What worked for us was removing the diapers from sight and just going for 100% diaper free. We even went diaper free for outings and for night time.

I didn't bribe or praise for using the potty and I try to make as little a deal over it as possible but I always listened to my daughter and took her to the toilet every time she needed to go&#8230;even if it was three times in a row with little or no pee/poop (poor thing). If she has an accident, we clean it up and afterwards I remind her that it would be best to use the potty.

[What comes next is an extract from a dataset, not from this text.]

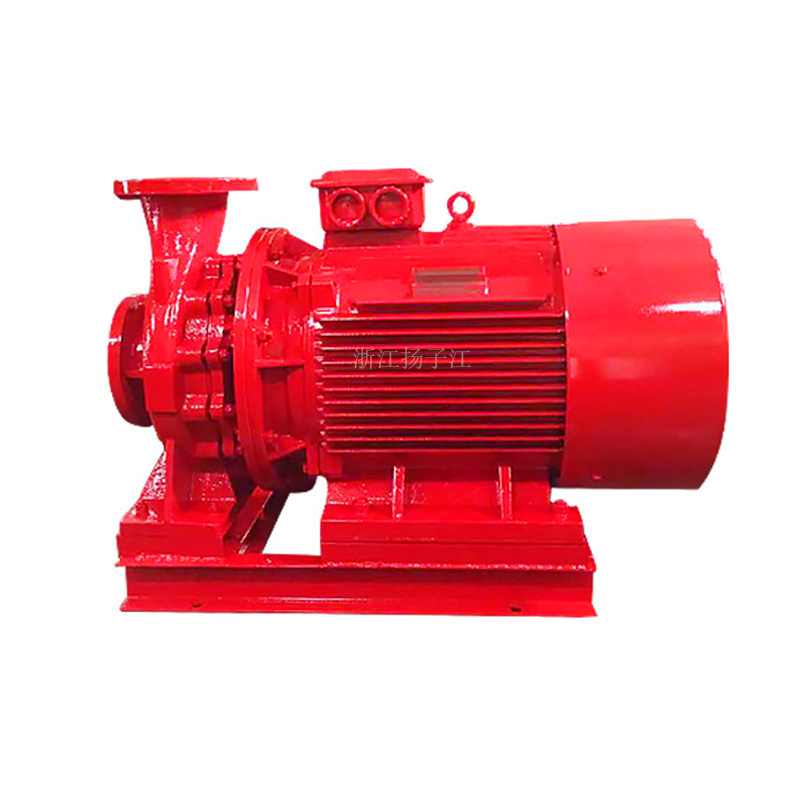 XBD-W型臥式消防泵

My daughter seemed to totally forget about diapers and I decided not to mention them until about a week later, when she had a small "freak out" over going to the potty. When I asked her if she wanted a diaper she said no.

About a month into it she wanted a diaper on and wore it around until she had to pee and then she took it off to use the potty. I seriously think she forgot that she could go to the bathroom in a diaper.

We had two potties, which she used for about 5 months and now she uses the toilet. Early on, we had challenges like a 3 hour bus ride and my daughter's reluctance to pee outside but I just carried around a fresh pair of pants just in case we had an accident. The other challenges were diarrhea and constipation.

Our situation was that I ALMOST underestimated my daughter's ability to use the toilet but for some reason just went for it. I'm glad that I did. I mention this because I always have to remind myself to raise my expectations of my daughter. I tend to have rather low expectations of her, which she will live up to until I snap out of it and expect more/different/better and etc at which time she usually just rises to the occasion.

*** I'm editing because I was in a rush earlier and I wanted to be sure that I didn't come across like I was the one who was responsible for my daughter's potty "training". I'm not, nor do I think I am. I think we helped her in the exact right ways, which enabled her to do it herself. We were lucky that she has very good bladder control and can communicate well with us.

One additional tid-bit, when my daughter first held her pee at night, she really freaked out. Luckily, I knew the type of panic she was having because she did the same thing the first time she was hungry and didn't recognize the feeling in her body. It's strange to imaging that they have to learn what hunger or a full bladder feels like. My daughter interprets things like that as pain the first times she feels them.


----------



## sandsprite (Feb 16, 2004)

You know if you talk to any one older than 60, they would tell you that they started potty training at 12 months old, and the majority of babys were TRAINED by 18 months.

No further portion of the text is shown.